Secondary antibodies were obtained from Invitrogen and used at 1:250 dilution: Alexa Fluor 594 conjugated goat anti-mouse IgG2b, Alexa Fluor 488 or 647 conjugated goat anti-mouse IgG1, Alexa Fluor 488 conjugated goat anti-mouse IgM, Alexa Fluor donkey anti-mouse IgG, Alexa Fluor 488 conjugated goat anti-rat IgG, Alexa Fluor 488 or 647 conjugated goat anti-rabbit.
Immunofluorescence and TUNEL
Request a detailed protocolMouse and jerboa limbs were dissected and fixed in 4% PFA in 1x PBS overnight. Tissues were washed in 1X PBS twice for 20 min and placed in 30% sucrose in 1x PBS overnight at 4°C. Tissues were then mounted in a cryomold in OCT freezing media, and blocks were frozen and stored at −80°C until cryosectioned.
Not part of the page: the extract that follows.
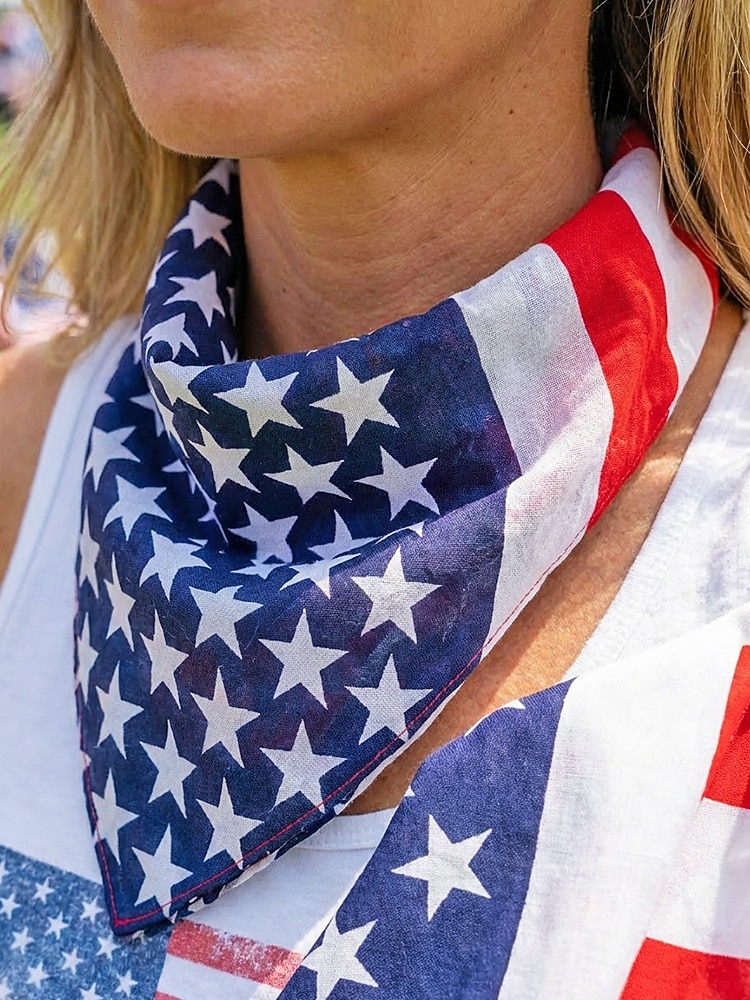 Dwuczęściowy zestaw bandany damskiej w stylu boho z bawełny z amerykańską flagą, uniwersalny szal na głowę i komin na 250. rocznicę USA, Dzień Niepodległości, festiwale i codzienny ubiór 2026 - $9.99 –P1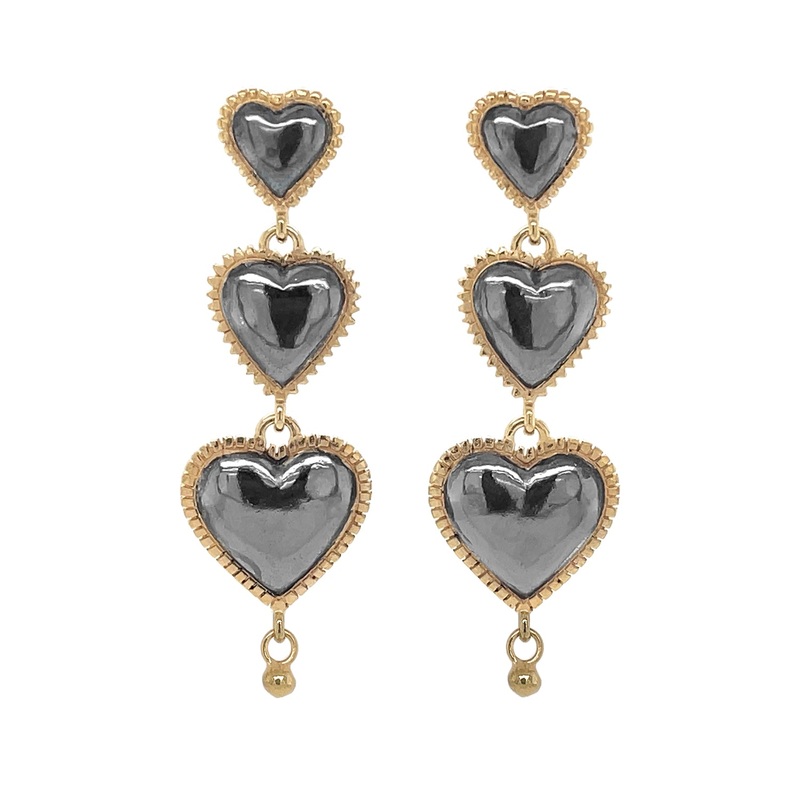 Temple Triple Heart Earring Drops – Black and Gold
Blocks were sectioned at 12 µm thickness, and sections were transferred to Super-Frost Plus slides (Thermo Fisher). For immunofluorescence, slides were washed for 5 min in 1x PBS and subject to antigen retrieval by incubation in Proteinase K (5 µg/mL) for 10 min followed by 5 min postfix in 4% PFA in PBS and three washes in 1x PBS. Slides were then blocked in a solution of 5% heat inactivated goat serum, 3% BSA, 0.1% TritonX-100, 0.02% SDS in PBS. Slides were incubated in the appropriate primary antibody dilution in block overnight at 4°C. On the second day, slides were washed three times for 10 min in PBST (1x PBS + 0.1% TritonX-100) and incubated at room temperature in secondary antibodies and 1 µg/ml DAPI for 1 hr. Slides were then washed three times for 10 min in PBST and mounted in Fluoro Gel with DABCO (EMS).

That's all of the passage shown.